(Short text fragments from websites)

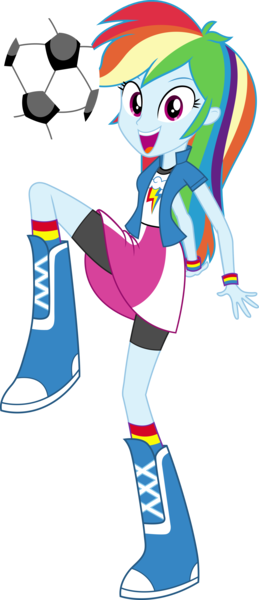 Size: 6184x14328 | Tagged: safe, artist:sugar-loop, derpibooru import, rainbow dash, equestria girls, .ai available, .svg available, absurd resolution, ball, boots, clothes, compression shorts, football, looking at you, open mouth, rainbow socks, simple background, skirt, socks, solo, striped socks, transparent background, vector, wristband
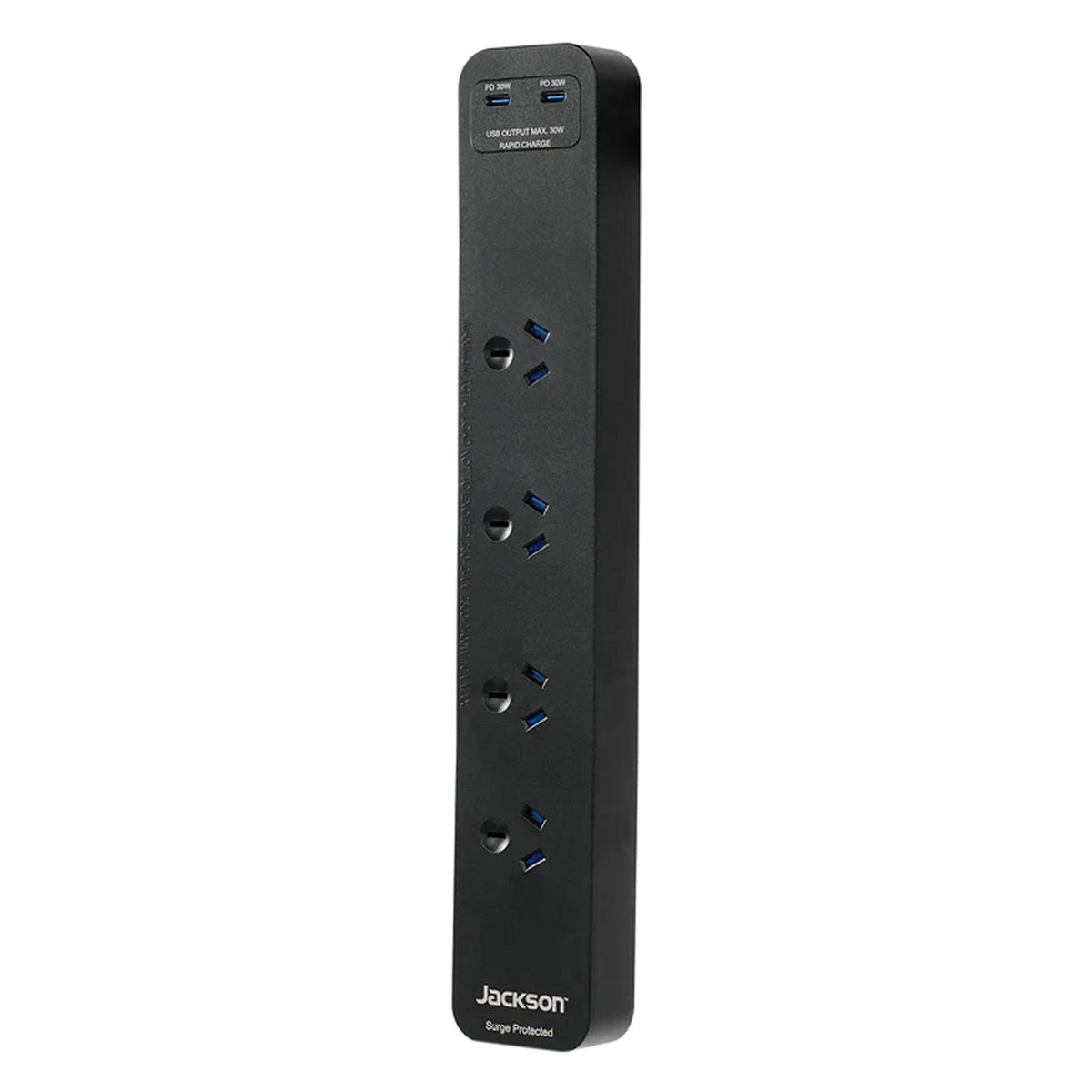Jackson 4 Outlet Surge Protected USB-C 30W PD Powerboard - Black (PT30W42B)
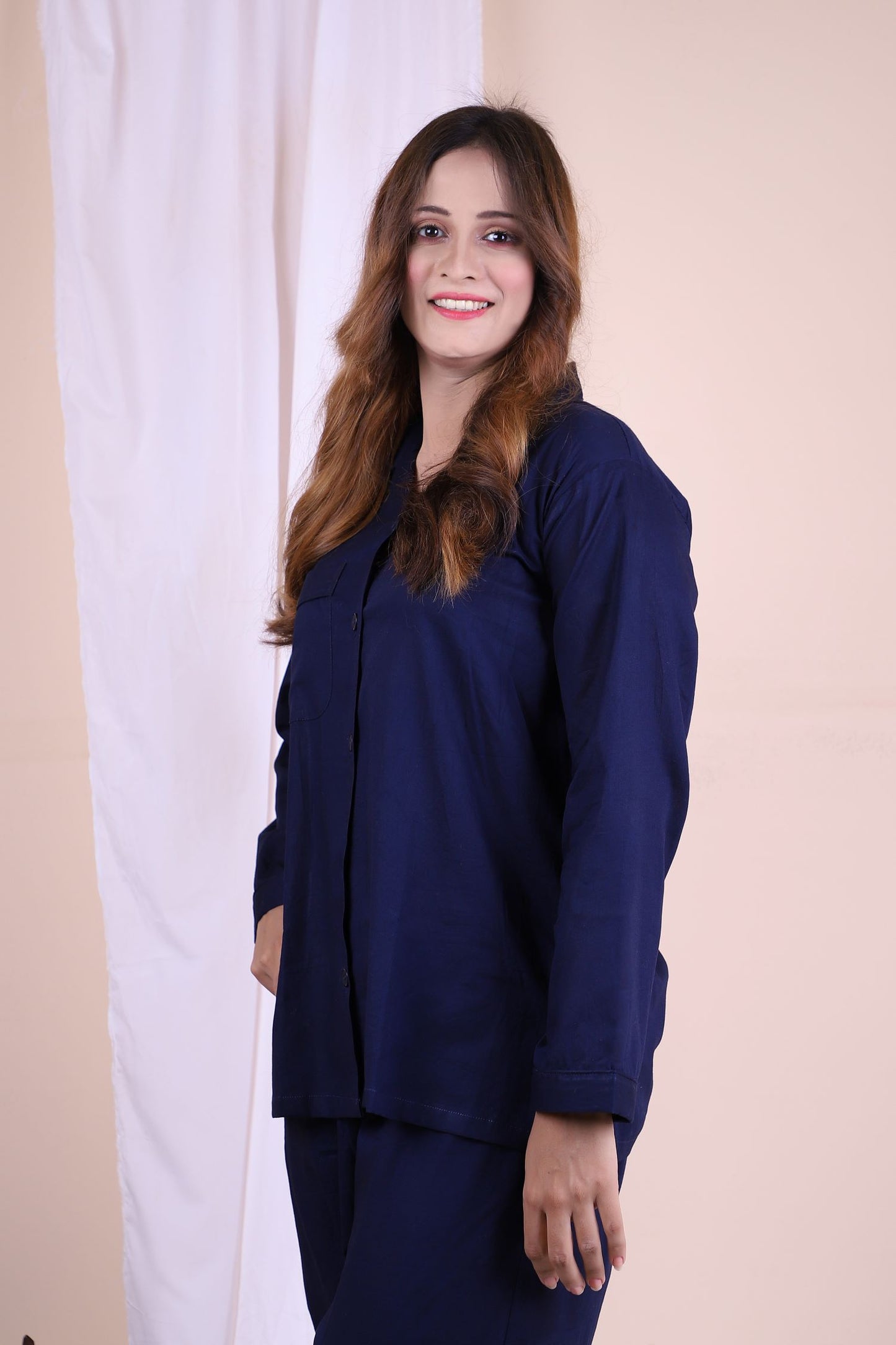 Navy Blue Plain Cotton Nightdress WCN-12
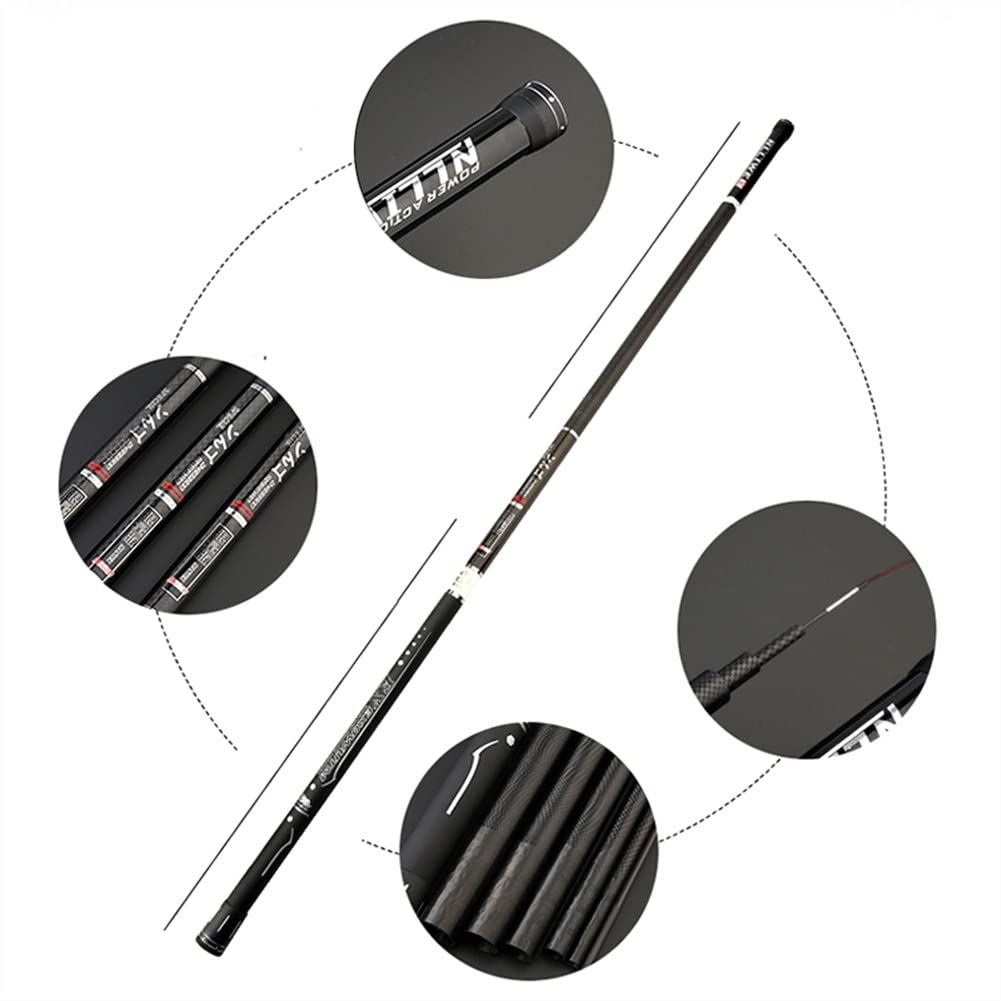 YADLCR Canne à Pêche Super Dure 3.6M-13M Canne à Pêche Pour Esturgeon Canne à Pêche Pour Gros Gibier Canne à Pêche Longue Télescopique En Fibre De Carbone(3.6m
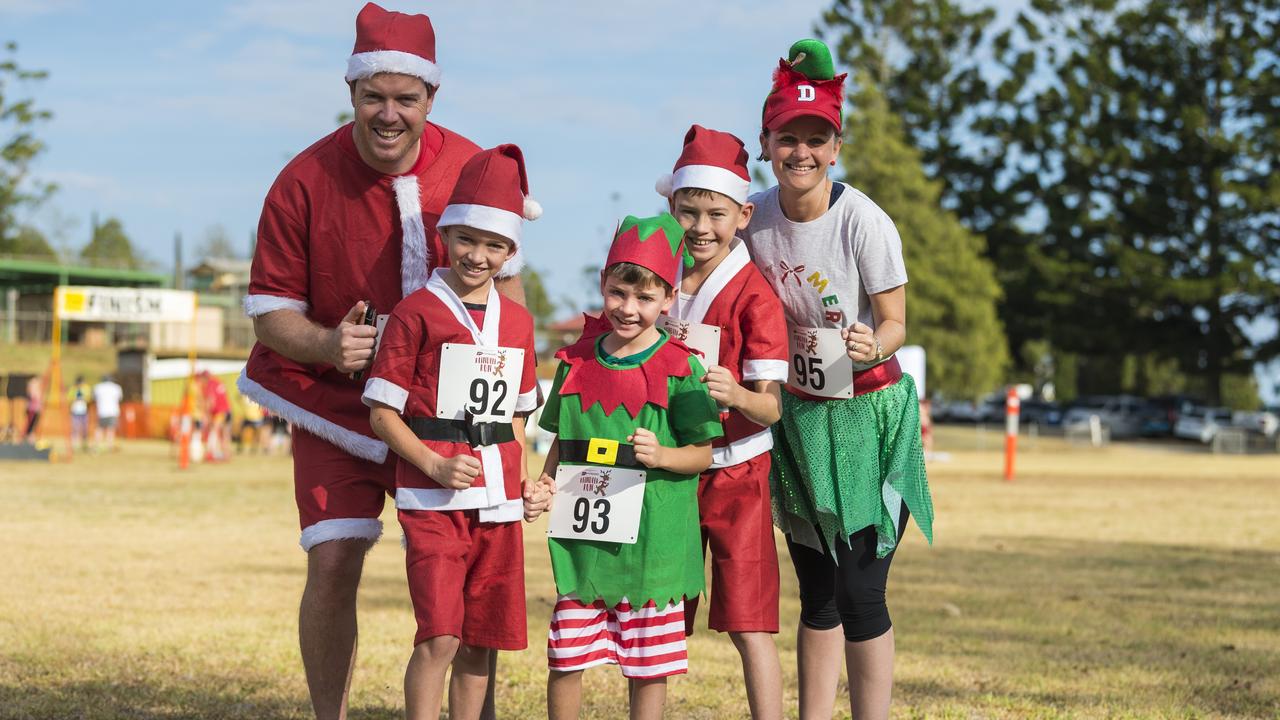 In the Christmas spirit for the run are (from left) Bruce, James, Archie, Lachlan and Alison McConnel at the Toowoomba Hospital Foundation's Reindeer Run at Baillie Henderson Hospital to raise funds for the Toowoomba Hospital Christmas Appeal, Sunday, December 6, 2020. Picture: Kevin Farmer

● **What needs to be done**
The reply should hold the entries above from the line with "Jackson 4 Outlet" to the line with "Navy Blue Plain Cotton Nightdress WCN-12", duplicated exactly, pictures excluded.

● **Answer below**
Jackson 4 Outlet Surge Protected USB-C 30W PD Powerboard - Black (PT30W42B)
 Navy Blue Plain Cotton Nightdress WCN-12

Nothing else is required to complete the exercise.